**About this exercise**
Starting at the line that holds "How people Consume Video Advertising", quote every line through the end of the records, both boundary lines included. Omit the pictures.

**Listed entries**

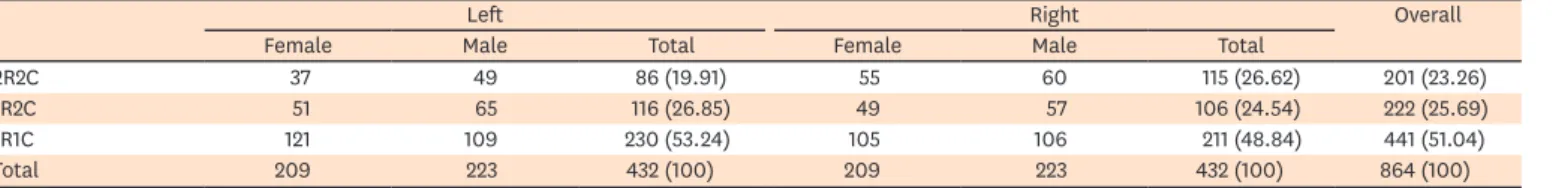 Table 1. Prevalence (%) of 2R2C and 1R2C morphology in the distal root of mandibular first molars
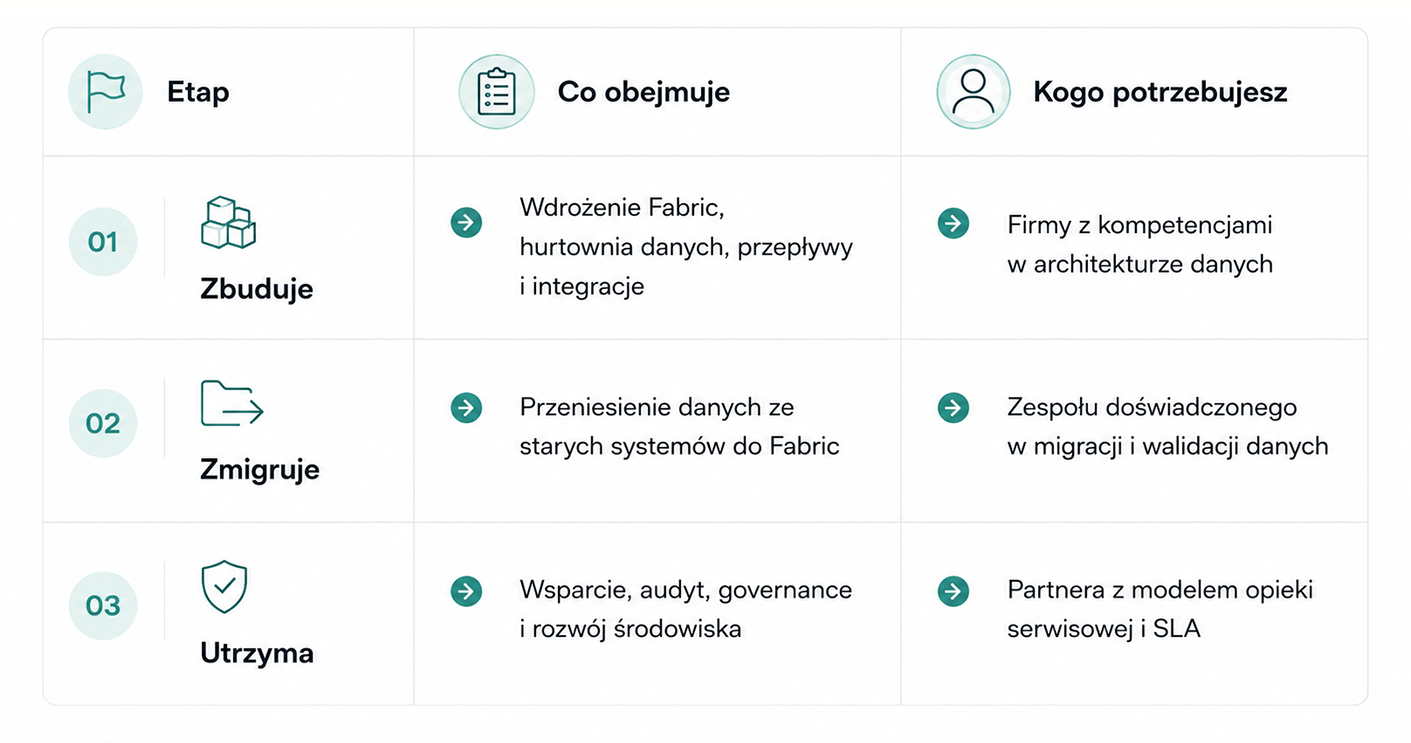 Trzy etapy projektu danych w Microsoft Fabric: zbudowanie środowiska, migracja danych ze starych systemów oraz utrzymanie — z zakresem prac i profilem potrzebnego partnera.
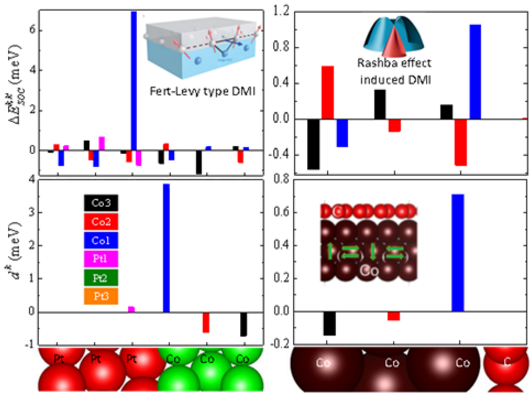 圖2 Fert-Levy型DMI及Rashba效應引起的DMI 圖2 Fert-Levy型DMI及Rashba效應引起的DMI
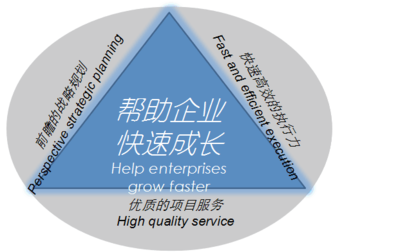 北京車牌指標(biāo)深度解析 獲取、轉(zhuǎn)讓與服務(wù)指南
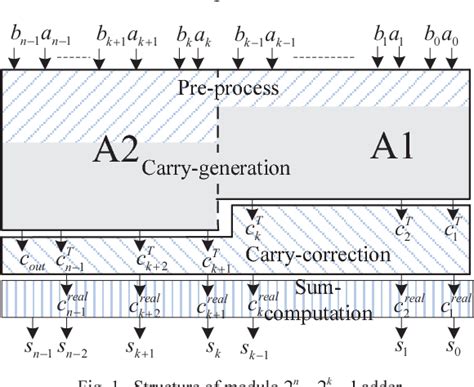 Figure 1 From High Efficient Modulo 2n2k1 Adder VLSI Design And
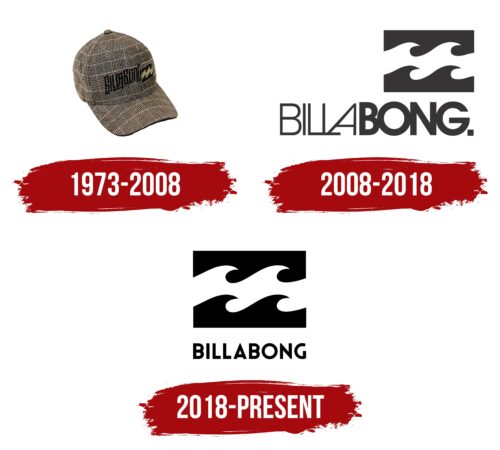 Billabong Logo History
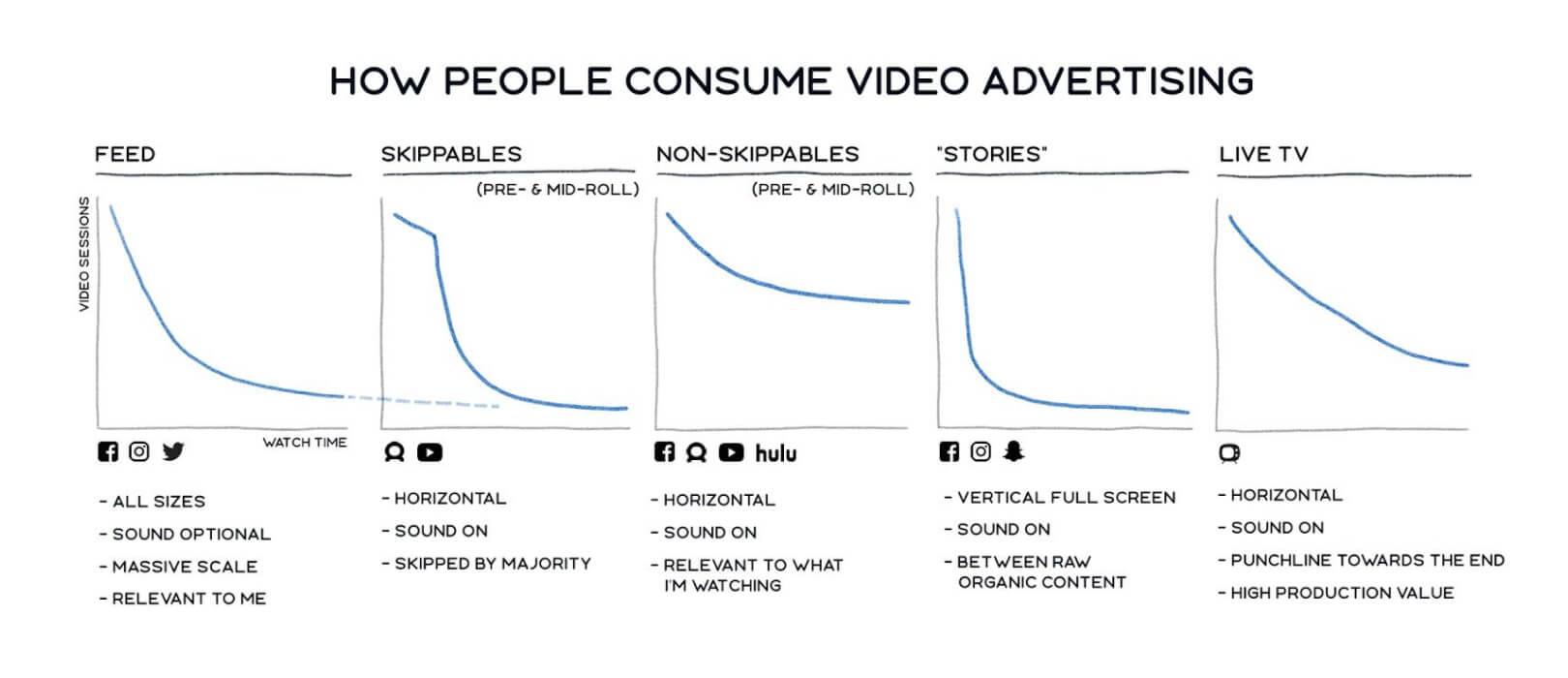 How people Consume Video Advertising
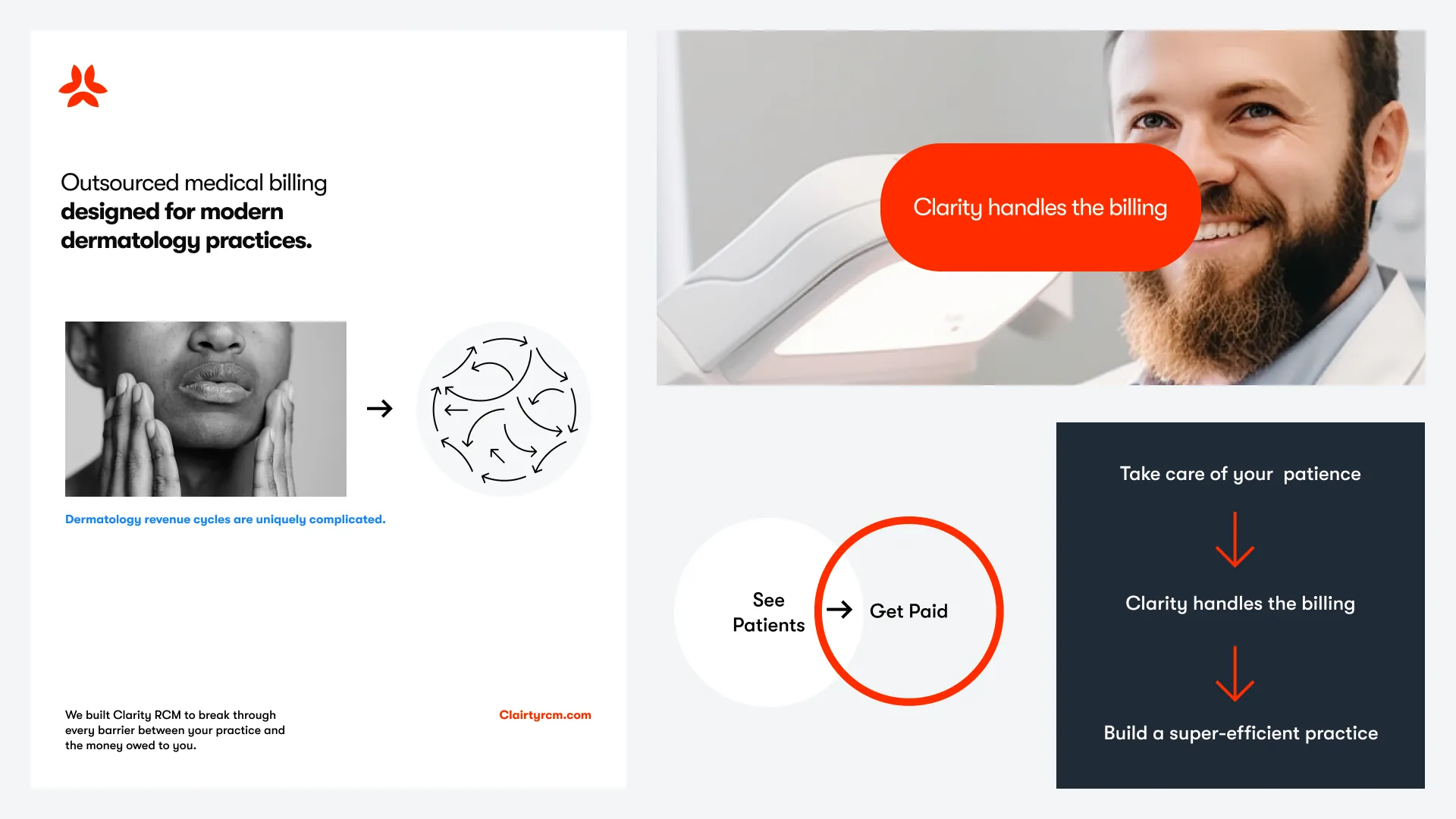 Clarity RCM case study visual 7
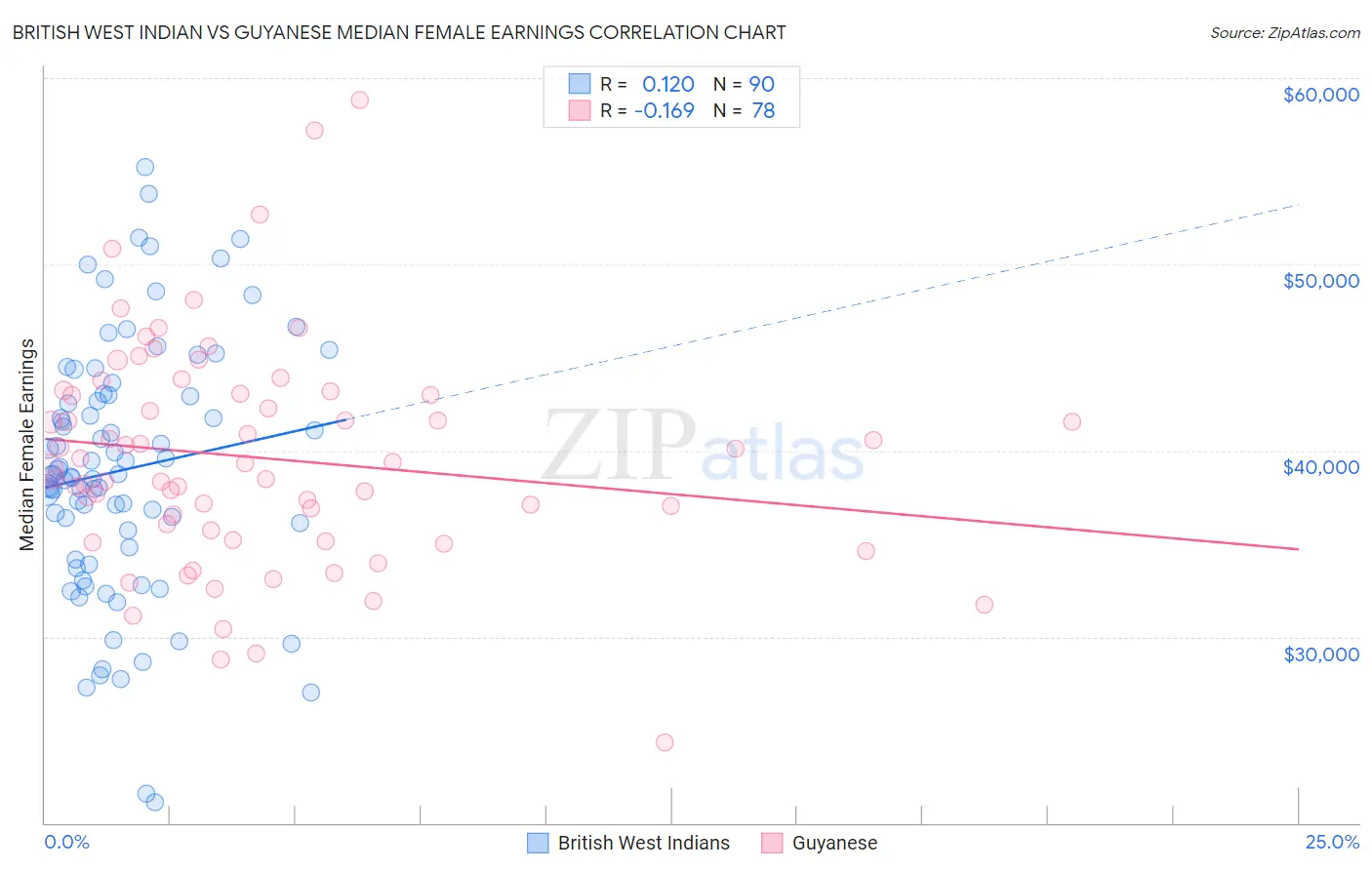 British West Indian vs Guyanese Median Female Earnings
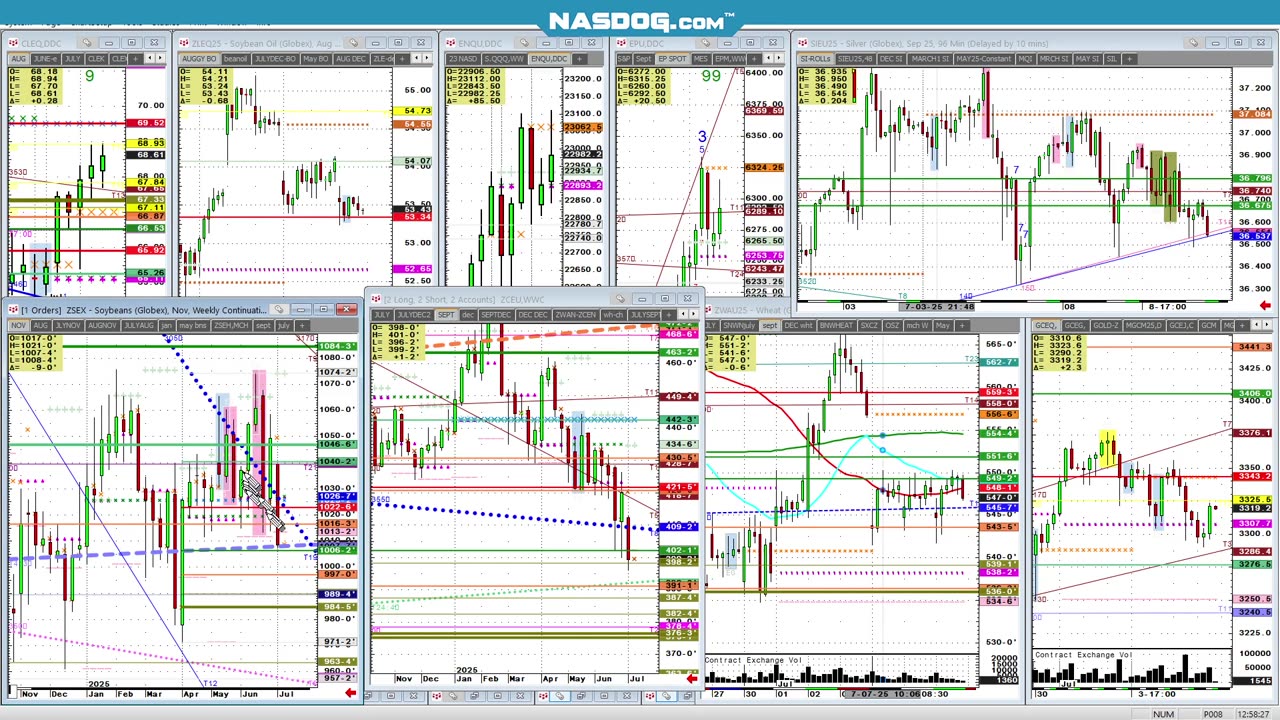 Silver Corn soybeans wheat July9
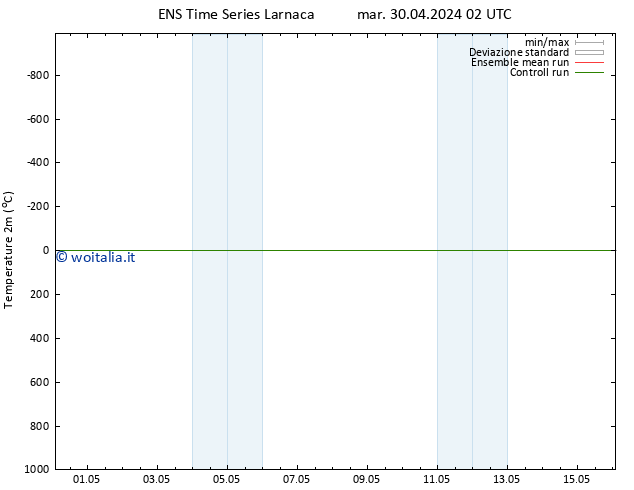 Temperatura (2m) GEFS TS sab 04.05.2024 08 UTC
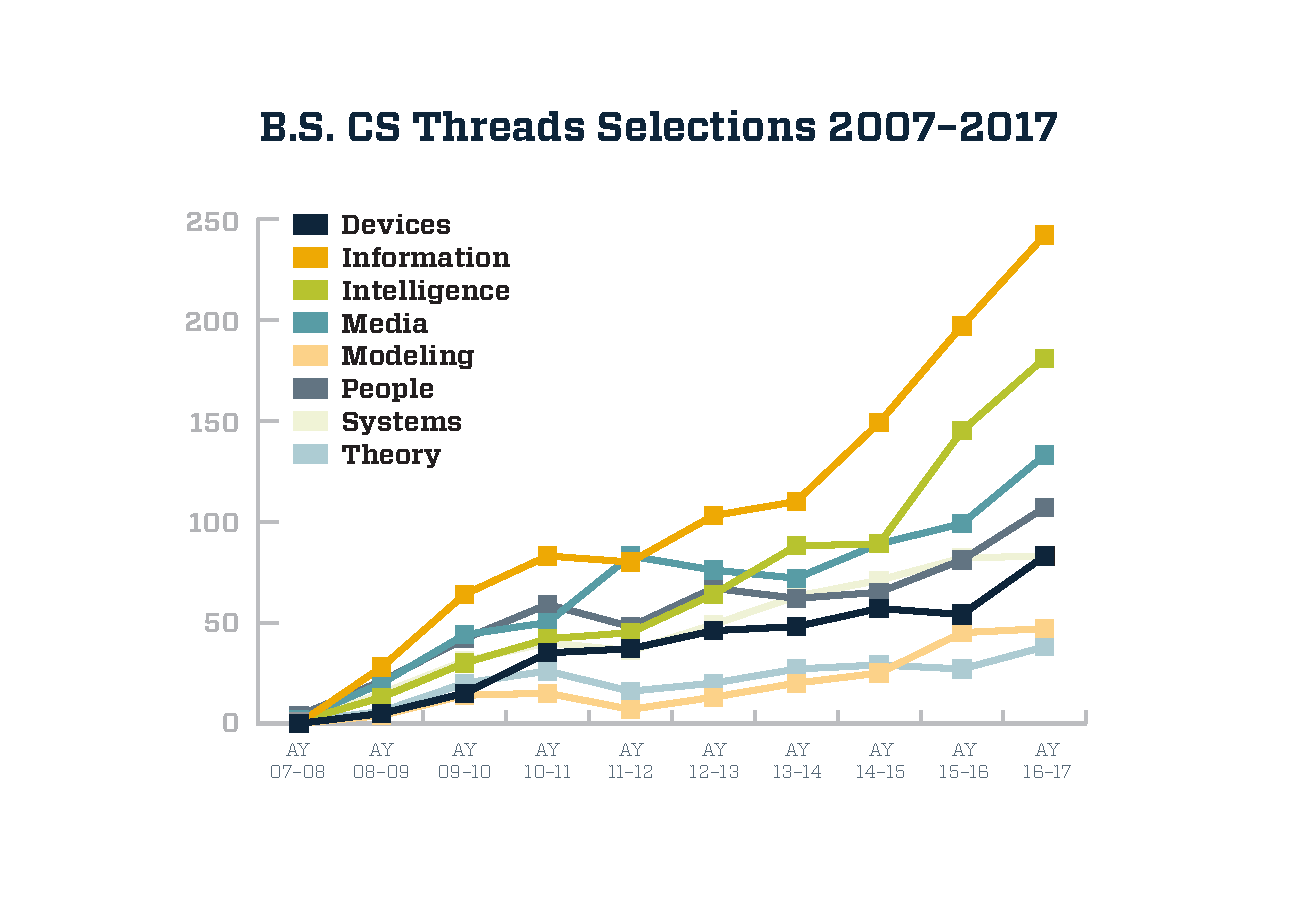 Threads Selections 2007-17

**Task output**
 How people Consume Video Advertising
 Clarity RCM case study visual 7
 British West Indian vs Guyanese Median Female Earnings
 Silver Corn soybeans wheat July9
 Temperatura (2m) GEFS TS sab 04.05.2024 08 UTC
 Threads Selections 2007-17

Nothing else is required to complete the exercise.